Antalya’nın sokaklarını sinema büyüsüyle buluşturan Altın Portakal Film Festivali Korteji, 1964’ten bu yana şehrin en parlak geleneği oldu. Türkiye sinemasının yıldızlarını halkla aynı caddede buluşturan kortej, zaman zaman kesintiye uğrasa da, Antalya’nın belleğinde daima parlayan bir yıldız olarak yerini korudu. Türkiye’nin en köklü sinema geleneği olan Uluslararası Antalya Altın Portakal Film Festivali’nin korteji, 1964 yılından bu yana Antalya sokaklarını yıldızlarla buluşturan, kentin kimliğine sinmiş en özel kültürel etkinliklerden biri olarak biliniyor. İlk kortej, dönemin Belediye Başkanı Avni Tolunay’ın öncülüğünde 1964 yılında gerçekleştirildi. Tolunay’ın amacı, Antalya’yı bir turizm ve kültür kenti olarak tanıtmak, sinemayı halkla iç içe bir şenliğe dönüştürmekti. O yıl Cumhuriyet Meydanı’ndan başlayarak Karaalioğlu Parkı’na kadar uzanan güzergâhta yapılan yürüyüşte, dönemin Yeşilçam yıldızları Türkan Şoray, Filiz Akın, Ediz Hun, Hülya Koçyiğit ve Göksel Arsoy süslenmiş klasik otomobillerle halkı selamladı. Antalya halkı, sinema yıldızlarını ilk kez yakından görmenin heyecanıyla caddelere döküldü ve kortej adeta bir halk bayramına dönüştü.

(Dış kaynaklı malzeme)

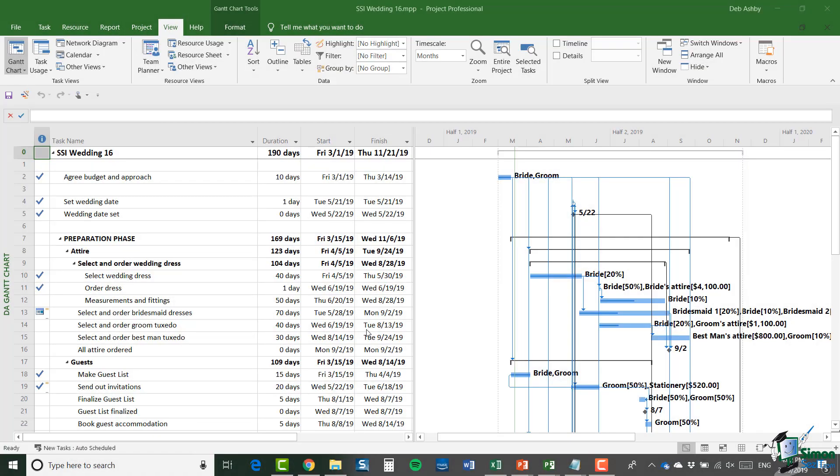Hello again and welcome back to our course on Project 2019. We've already looked at opening, saving and closing projects throughout the course. But what I'm going to look at in this section is a couple of additional features related to exporting projects.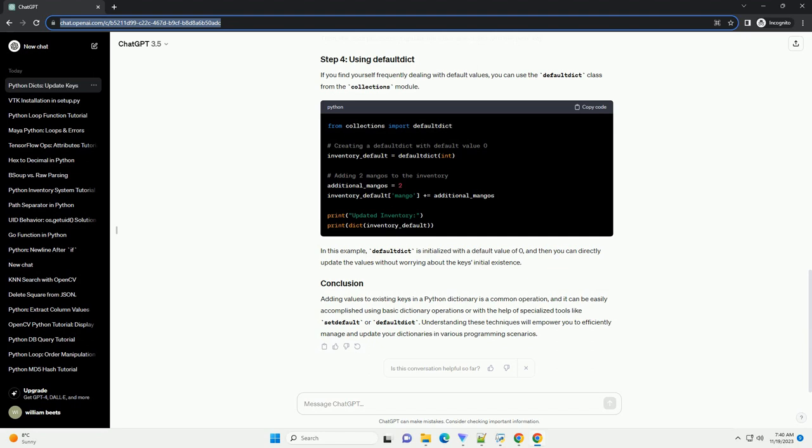If the key you want to update doesn't exist in the dictionary, you can use the setDefault method to set a default value before updating. In this example, setDefault is used to set the default value of pair to zero if the key doesn't exist. Then, the code proceeds to update the value associated with the pair key. If you find yourself frequently dealing with default values, you can use the DefaultDict class from the Collections module.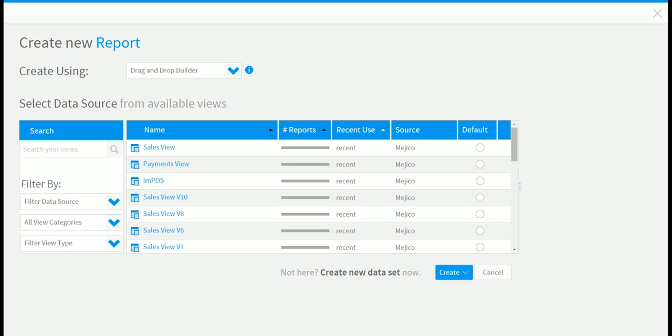You also use a Yellowfin view called sales view. Impulse has prepared this view for reporting on your sales data. The sales view organizes your sales data into easy to find categories for analysis. Click on sales view.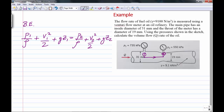We start by imagining a streamline from point 1 to point 2, assuming frictionless flow so we can use Bernoulli's equation. We write Bernoulli's equation at points 1 and 2. We're not told there is any elevation change, so we assume this is a horizontal pipe, meaning Z1 equals Z2. If the pipe were inclined we'd need those values, but here we can cancel the potential energy terms.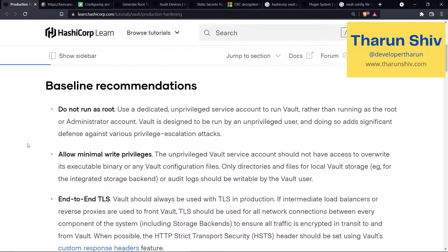The first recommendation is: do not run as root. Use a dedicated unprivileged service account to run Vault instead of running it as a root or administrator account. We usually have this habit of running whichever service we install as the root user on a Linux box. But Vault is recommending we do not run any process as root. This holds true not only for Vault but also for any other services — say nginx or Apache — we should create a dedicated user and make sure the process runs as that user, not root.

1965’ten 1970’e kadar her yıl giderek daha coşkulu hale gelen kortejler, Yeşilçam’ın altın dönemine eşlik etti. Kartal Tibet, Ajda Pekkan, Ekrem Bora, Tanju Gürsu, Selda Alkor, Fikret Hakan, Zeki Müren ve Gönül Yazar gibi ünlü isimlerin katıldığı kortejler, sadece bir yürüyüş değil, aynı zamanda Antalya’nın ulusal sinemayla kurduğu duygusal bağın simgesi haline geldi. Halkın büyük ilgisiyle düzenlenen kortejlerde, Muratpaşa Belediyesi binası önünde halk konserleri yapılıyor, çocuklar sanatçılara çiçek uzatıyor, şehrin her köşesi portakal dallarıyla süsleniyordu.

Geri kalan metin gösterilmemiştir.